To be able express the status of the process you will want the ASP.NET application to be able to have some reference to the processID for example the WCF service returns a guid identifier. Then you have a method that when you give it the processID it will return the status of the process. You can then implement the polling of that service call using AJAX and display any type of modal you wish.
Another thing to remember is that you need to design your processes to have knowledge of where it is and where it will be when it is finished so it can track the state it's in. For example, BatchJobA is run and will have 1000 records to process. The service needs to know what record it's on or what the current % of competition is for it to be able to return information to the UI. For sql queries that take a very long time to execute this can be very problematic to accurately gauge where it is unless you do alot of pre and post processing of temp tables that you can in the middle of it read the status of the temp tables to understand where it is.
Based on what you are saying I think that BackgroundWorker is not a good choice.
Furthermore keeping this functionality as a part of your main app can be problematic, specifically because you do not want the submitted processing to be interrupted if the main app recycles. You can play with asynch processing but it still will be a part of the main app AppDomain - all of it will die if the app recycles.
I would suggest buidling a separate app implementing this functionality. In a similar situation I separated background processing to a Windows service and hosted a web service in it as a means of communication
You might consider a slightly different approach.
For example, have a command and control table in which you send commands like "REFORMAT PHONE NUMBERS" or whatever.
Then have a windows service monitoring that table.
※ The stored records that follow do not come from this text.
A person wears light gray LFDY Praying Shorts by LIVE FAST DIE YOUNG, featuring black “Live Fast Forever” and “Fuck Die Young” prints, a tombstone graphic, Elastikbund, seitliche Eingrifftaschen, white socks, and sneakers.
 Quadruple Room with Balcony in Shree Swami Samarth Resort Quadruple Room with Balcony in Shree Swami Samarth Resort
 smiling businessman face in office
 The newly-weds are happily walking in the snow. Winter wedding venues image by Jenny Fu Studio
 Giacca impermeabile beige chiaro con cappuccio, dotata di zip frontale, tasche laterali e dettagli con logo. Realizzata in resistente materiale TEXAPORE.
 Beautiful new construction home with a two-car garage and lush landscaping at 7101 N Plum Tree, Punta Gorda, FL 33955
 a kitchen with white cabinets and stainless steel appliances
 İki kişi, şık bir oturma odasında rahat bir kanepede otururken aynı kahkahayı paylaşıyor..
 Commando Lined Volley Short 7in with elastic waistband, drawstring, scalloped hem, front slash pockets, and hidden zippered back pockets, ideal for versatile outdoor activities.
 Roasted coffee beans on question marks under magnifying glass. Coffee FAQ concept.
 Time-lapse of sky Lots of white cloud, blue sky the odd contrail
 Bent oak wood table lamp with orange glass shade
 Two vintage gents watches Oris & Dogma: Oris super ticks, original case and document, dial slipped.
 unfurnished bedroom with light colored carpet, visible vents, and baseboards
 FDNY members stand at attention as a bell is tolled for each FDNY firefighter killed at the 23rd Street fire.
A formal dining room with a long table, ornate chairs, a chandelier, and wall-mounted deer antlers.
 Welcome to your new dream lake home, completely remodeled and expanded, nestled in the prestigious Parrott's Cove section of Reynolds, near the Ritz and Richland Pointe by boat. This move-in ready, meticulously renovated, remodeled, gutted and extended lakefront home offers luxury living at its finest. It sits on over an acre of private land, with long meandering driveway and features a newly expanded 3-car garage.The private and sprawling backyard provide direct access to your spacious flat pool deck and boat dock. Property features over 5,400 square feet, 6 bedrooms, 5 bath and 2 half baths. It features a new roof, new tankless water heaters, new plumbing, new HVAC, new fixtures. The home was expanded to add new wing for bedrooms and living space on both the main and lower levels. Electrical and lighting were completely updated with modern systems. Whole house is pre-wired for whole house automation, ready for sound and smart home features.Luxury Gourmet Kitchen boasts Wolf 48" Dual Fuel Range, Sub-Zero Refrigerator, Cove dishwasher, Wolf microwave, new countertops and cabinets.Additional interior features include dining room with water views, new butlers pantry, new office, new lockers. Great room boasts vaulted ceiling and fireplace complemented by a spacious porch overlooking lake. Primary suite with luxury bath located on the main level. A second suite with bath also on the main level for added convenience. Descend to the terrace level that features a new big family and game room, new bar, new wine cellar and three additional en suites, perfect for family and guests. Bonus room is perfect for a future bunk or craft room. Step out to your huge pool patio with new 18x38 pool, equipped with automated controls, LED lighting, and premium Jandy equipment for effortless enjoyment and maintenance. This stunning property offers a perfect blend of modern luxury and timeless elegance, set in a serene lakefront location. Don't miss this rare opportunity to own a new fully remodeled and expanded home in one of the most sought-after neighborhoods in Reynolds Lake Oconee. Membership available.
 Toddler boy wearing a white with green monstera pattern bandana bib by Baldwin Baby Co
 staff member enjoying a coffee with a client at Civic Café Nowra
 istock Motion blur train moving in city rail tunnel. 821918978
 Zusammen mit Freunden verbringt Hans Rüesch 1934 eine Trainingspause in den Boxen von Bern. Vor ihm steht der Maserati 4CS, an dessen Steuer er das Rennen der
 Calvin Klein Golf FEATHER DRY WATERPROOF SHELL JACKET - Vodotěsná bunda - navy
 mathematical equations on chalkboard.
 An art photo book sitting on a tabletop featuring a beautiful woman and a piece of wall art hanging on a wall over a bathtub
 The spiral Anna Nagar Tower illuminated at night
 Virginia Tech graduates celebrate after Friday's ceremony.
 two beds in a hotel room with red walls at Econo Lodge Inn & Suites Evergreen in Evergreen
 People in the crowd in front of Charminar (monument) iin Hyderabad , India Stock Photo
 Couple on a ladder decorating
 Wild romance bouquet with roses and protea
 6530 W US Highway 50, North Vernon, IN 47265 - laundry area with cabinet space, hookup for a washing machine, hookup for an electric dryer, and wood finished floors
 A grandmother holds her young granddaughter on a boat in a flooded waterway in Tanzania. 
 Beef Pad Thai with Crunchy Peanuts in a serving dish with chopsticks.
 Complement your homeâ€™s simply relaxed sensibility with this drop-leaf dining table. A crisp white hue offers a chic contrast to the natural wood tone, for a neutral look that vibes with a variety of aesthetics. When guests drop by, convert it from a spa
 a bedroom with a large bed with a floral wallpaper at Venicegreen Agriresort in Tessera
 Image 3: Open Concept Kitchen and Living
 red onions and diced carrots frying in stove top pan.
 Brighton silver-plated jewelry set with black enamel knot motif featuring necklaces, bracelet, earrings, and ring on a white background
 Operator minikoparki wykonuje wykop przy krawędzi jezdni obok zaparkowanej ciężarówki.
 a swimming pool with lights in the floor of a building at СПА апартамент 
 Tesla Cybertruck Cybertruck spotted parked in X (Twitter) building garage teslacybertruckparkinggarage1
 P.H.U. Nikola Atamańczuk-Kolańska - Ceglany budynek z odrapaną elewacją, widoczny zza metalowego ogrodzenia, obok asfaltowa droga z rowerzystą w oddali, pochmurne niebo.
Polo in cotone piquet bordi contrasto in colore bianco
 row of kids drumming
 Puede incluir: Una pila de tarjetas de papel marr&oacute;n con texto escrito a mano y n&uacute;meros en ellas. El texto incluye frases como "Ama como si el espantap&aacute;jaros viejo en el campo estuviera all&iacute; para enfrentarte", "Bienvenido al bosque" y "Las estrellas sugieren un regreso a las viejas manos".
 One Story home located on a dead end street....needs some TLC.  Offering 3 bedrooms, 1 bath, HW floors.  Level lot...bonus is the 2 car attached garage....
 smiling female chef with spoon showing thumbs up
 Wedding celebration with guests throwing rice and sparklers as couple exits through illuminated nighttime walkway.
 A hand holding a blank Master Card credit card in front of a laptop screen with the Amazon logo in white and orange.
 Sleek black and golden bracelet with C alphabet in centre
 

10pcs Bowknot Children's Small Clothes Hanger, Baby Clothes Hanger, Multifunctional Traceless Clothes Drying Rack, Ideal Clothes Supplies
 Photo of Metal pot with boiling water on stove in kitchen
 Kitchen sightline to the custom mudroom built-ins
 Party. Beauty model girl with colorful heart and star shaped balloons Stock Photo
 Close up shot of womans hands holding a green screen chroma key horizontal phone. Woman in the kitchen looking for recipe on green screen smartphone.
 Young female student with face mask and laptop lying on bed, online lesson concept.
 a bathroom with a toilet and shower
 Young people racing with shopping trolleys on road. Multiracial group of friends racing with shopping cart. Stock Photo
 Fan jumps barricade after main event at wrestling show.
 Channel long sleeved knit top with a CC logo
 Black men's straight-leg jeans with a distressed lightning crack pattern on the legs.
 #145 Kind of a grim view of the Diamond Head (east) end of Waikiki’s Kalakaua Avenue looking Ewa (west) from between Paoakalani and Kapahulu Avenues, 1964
Whenever a record shows up, run the command.
This eliminates any sort of worry about a background thread. Further you have a bit more flexibility with regards to what's in the queue, order of operations including priority, etc. Finally, you would have a definitive list of what is running or needs to run.
As an option, instead of a windows service you might just use a SQL job to execute every so often to watch your control table and perform the requested action.